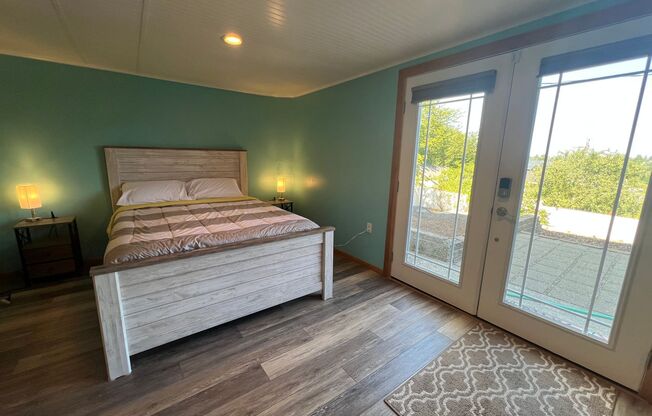 Furnished 1 Bedroom, 1 Bath including all utilities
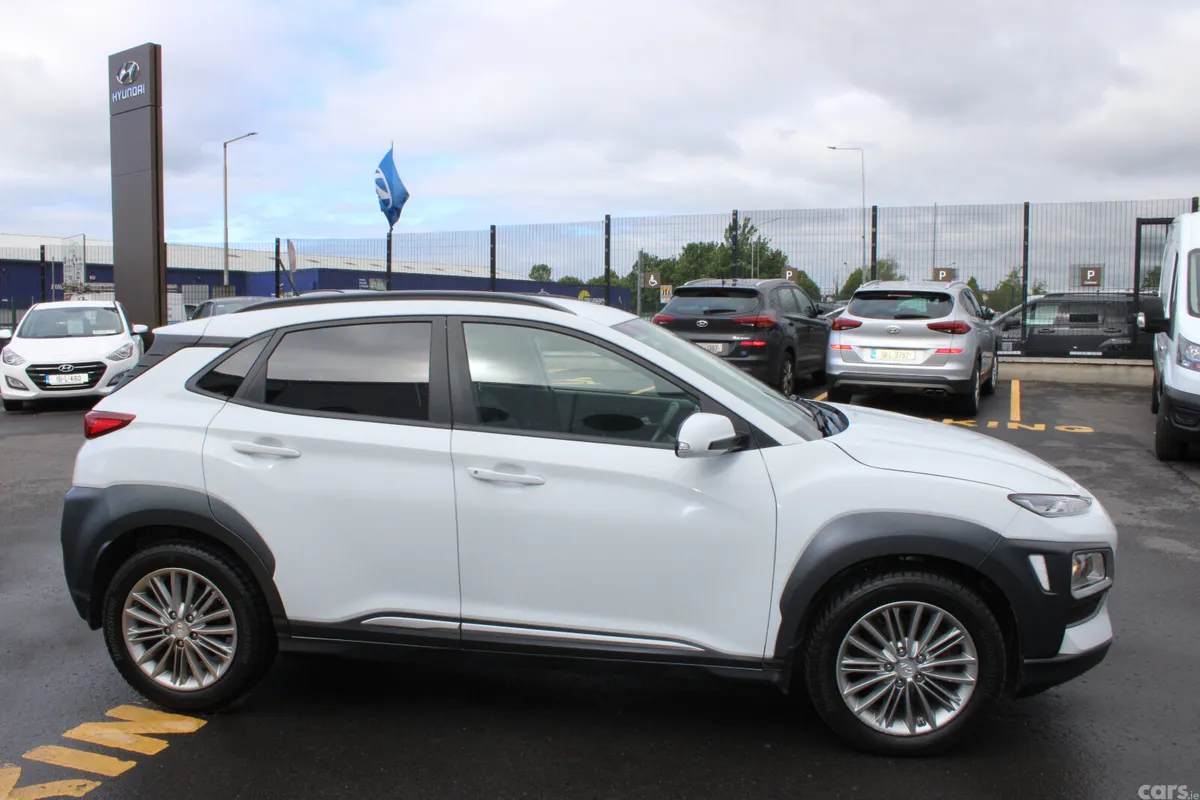 Hyundai KONA MPV, Diesel, 2019, White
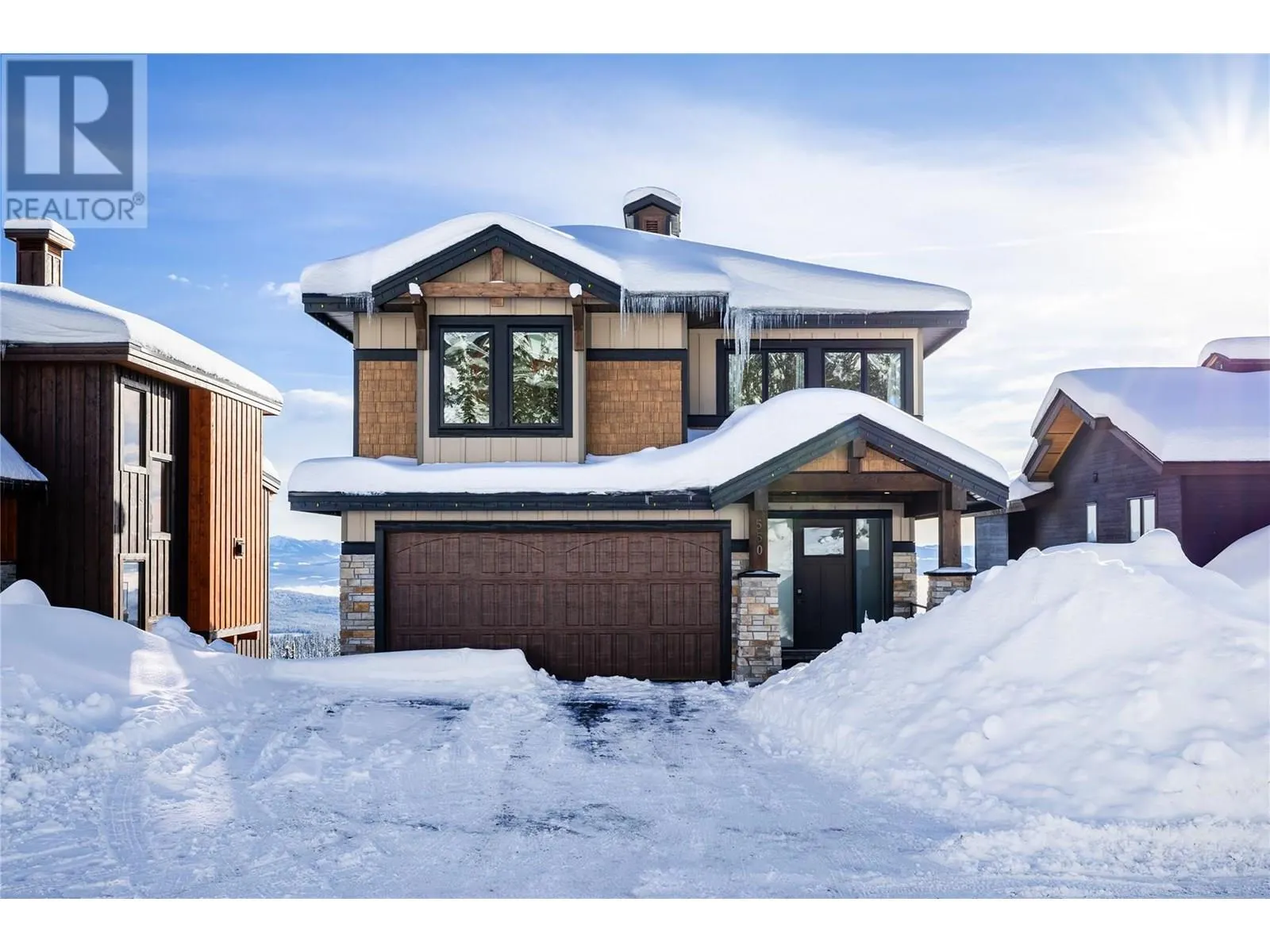 550 Feathertop Way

> [Exercise requirements] For this exercise, give the listing again exactly as written, with the pictures omitted.

> [The completed task]
 Furnished 1 Bedroom, 1 Bath including all utilities
 Hyundai KONA MPV, Diesel, 2019, White
 550 Feathertop Way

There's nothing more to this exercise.